▶ [SUPPLIED DATA]:
- - - -

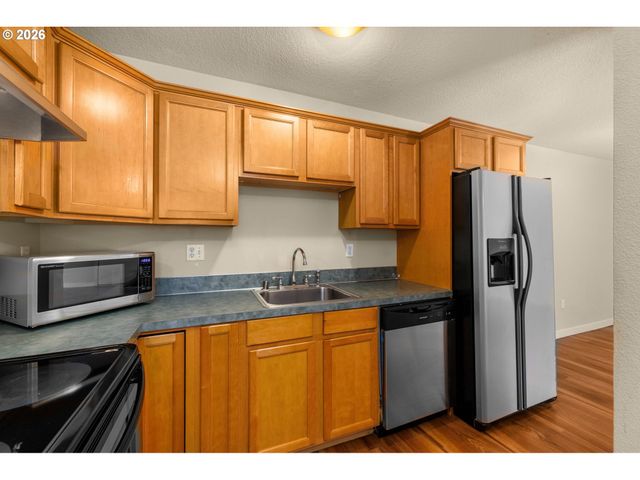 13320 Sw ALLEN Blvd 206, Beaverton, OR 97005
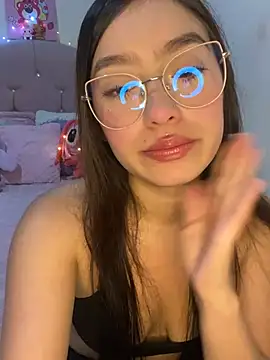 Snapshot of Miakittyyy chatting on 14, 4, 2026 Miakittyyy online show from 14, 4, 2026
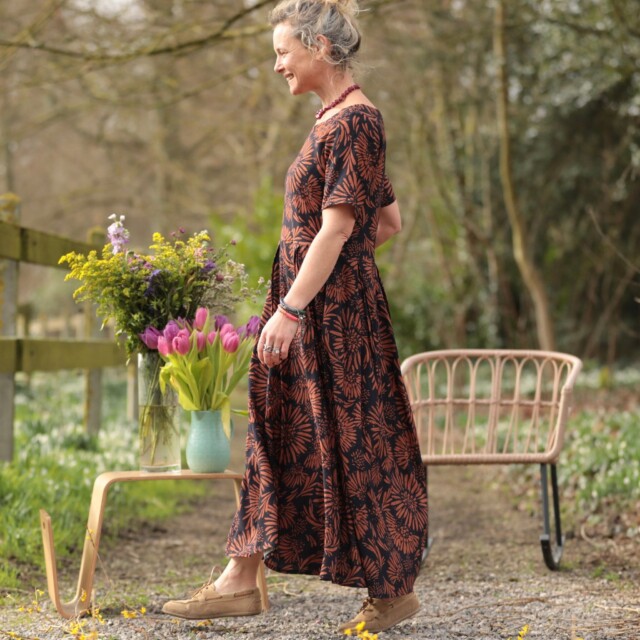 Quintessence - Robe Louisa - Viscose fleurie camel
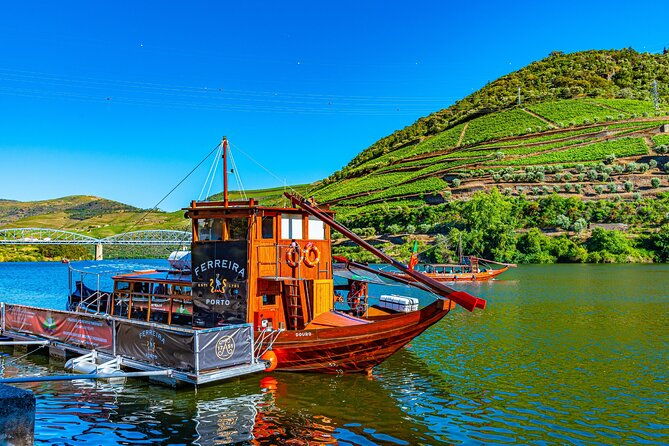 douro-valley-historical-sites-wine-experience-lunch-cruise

- - - -

▶ [WHAT YOU NEED TO DO]: Output the listing exactly, pictures excluded.

▶ [PROBLEM SOLUTION]:
 13320 Sw ALLEN Blvd 206, Beaverton, OR 97005
 Snapshot of Miakittyyy chatting on 14, 4, 2026 Miakittyyy online show from 14, 4, 2026
 Quintessence - Robe Louisa - Viscose fleurie camel
 douro-valley-historical-sites-wine-experience-lunch-cruise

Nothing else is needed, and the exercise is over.